Elvin Hoxha Ganiyev joue les sonates pour violon d’Eugène Ysaÿe (Solo musica) – 3/6
Dédiée à Georges Enescu, la troisième sonate en ré mineur d’Eugène Ysaÿe se présente comme une ballade constituée d’un seul mouvement. Évidemment, l’histoire est plus compliquée, donc promet d’être plus intéressante. Tout commence par un lento molto sostenuto annoncé in modo di recitativo (un prélude, voilà). Elvin Xhoxha Ganiyev en rend la tension liée à la liberté
- de mesure,
- de tempo et
- d’agogique.
L’expressivité de son jeu fait crépiter
- monodie,
- quartes,
- sixtes,
- accords et
- arpèges
qui étincellent dès les premières minutes. Même si, dans ce passage presque paisible et souvent piano, la proximité du micro avec le violon – donc avec les inspirations-reniflements de l’interprète – peut instantanément agacer voire diffuser un sentiment de gêne chez l’auditeur qui n’y verrait point un signe d’une musique sinon vivante, du moins en train de sourdre, l’on se gobergera d’une partition où
- sautes de registre,
- rythmes pointés,
- glissendi et
- silences prolongés
ouvrent les possibles d’une écriture (de violoniste) pour violon seul. Certes, c’est
- riche,
- multiple et
- profus,
mais nul show-off, ici. Eugène Ysaÿe connaît assez son instrument pour transformer
- la virtuosité patente,
- la complexité intrigante et
- la diversité sonore
en musique et non en bons points pour le compositeur (comme aimeraient s’en voir adresser certains contemporains lorsqu’ils recourent à TOUTE la palette de l’instrument pour bien montrer qu’ils n’en ignorent rien, alors qu’ils prouvent ainsi qu’ils le connaissent encyclopédiquement mais pas intimement). Un molto moderato, officiellement quasi lento, ne tarde pas à s’animer.
- La mesure, jadis à quatre temps, s’agrandit et en compte désormais cinq ;
- le tempo s’accélère ;
- le temps bat plus vite puisque les deux en deux deviennent
- triolets de croches,
- ensembles de quatre doubles croches puis
- quintolets de doubles.
Eugène Ysaÿe semble ainsi chercher à se libérer
- de la vitesse (lente ou rapide) pour privilégier l’expression,
- de la mesure pour laisser sa place au geste inspiré, et
- de la régularité rythmique pour développer une narrativité catchy, et hop.

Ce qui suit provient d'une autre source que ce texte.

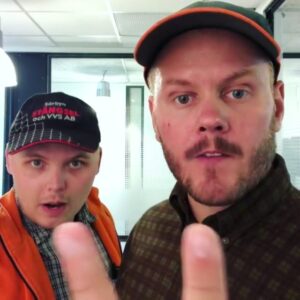 Alfred Svensson Instagram - TÄNK om ni skulle vilja ladda ner appen SVT Duo och rösta på Leif och Billy i kategorin ÅRETS PROGRAM på Kristallen! Då skulle jag och @claerence bli så oerhört glada och tacksamma! Vi kan även avslöja att det blir en tredje säsong av Leif och Billy som kommer gå upp på SVT runt jul, så håll utkik! 😊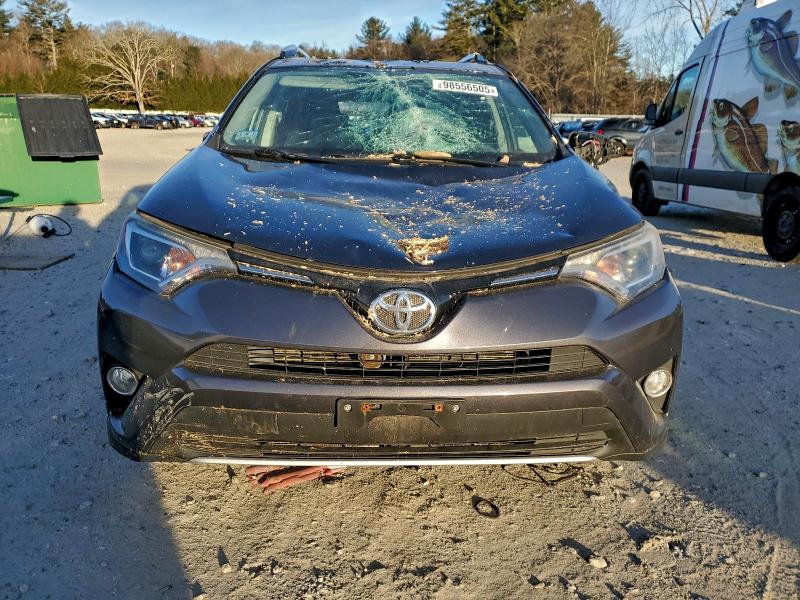 Фото 5 - TOYOTA RAV4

Voici qu’il fait exploser ses lenti dans un allegro in tempo giusto (cette fois) e con bravura. Mais la partition exprime une tension patente entre ce « tempo giusto » et le texte qu’elle porte. À Elvin Xhoxha Ganiyev, en l’espèce, de tenir les deux bouts d’une exigence de rigueur et de la mobilité voire de l’oscillation que créent
- un trois temps qui devient parfois deux,
- une mesure à trois croches qui privilégie les triolets de doubles, et
- un carcan officiel que défient et distendent
- rythmes pointés,
- mordants,
- appogiatures et
- ritendo.
Or, comme indifférent aux monstrueuses difficultés techniques et musicales, l’interprète paraît brillamment se nourrir de la prolifération
- d’allures polymorphes,
- de caractères contrastés et même
- d’harmonies résolument en friction,
assurant, par-delà les cahots d’une écriture survitaminée, la fluidité du ruisseau musical que renforcent et traduisent à la fois une série de sextolets de triples croches, d’abord en solo puis à deux voix… au point de rendre presque insensible le ralentissement progressif suggéré par la partition.
- Le phrasé,
- les variations d’intensité et
- la précision rythmique que ne perturbent pas des septolets chromatiques
offrent à l’auditeur, en sus de l’effet waouh de la pyrotechnicité – et re-hop – au sens de technique en feu d’artifice perpétuel exigée, un intérêt constamment renouvelé. Un finale à diastoles et sistoles avec
- un tempo poco vivo,
- puis più mosso,
- puis slargando (un « élargissement » pas vraiment sensible sous les doigts et l’archet du violoniste, qui privilégie la fougue conclusive au respect littéral des indications), et
- enfin vivo
couronne le propos battant de la troisième sonate. En bref, cette ballade n’est pas de tout repos. À moins de préférer
- le mou,
- l’ennui et
- la viole de gambe,
il faut s’en réjouir mille fois : quand on reposera en paix, ce sera mauvais signe !
À suivre…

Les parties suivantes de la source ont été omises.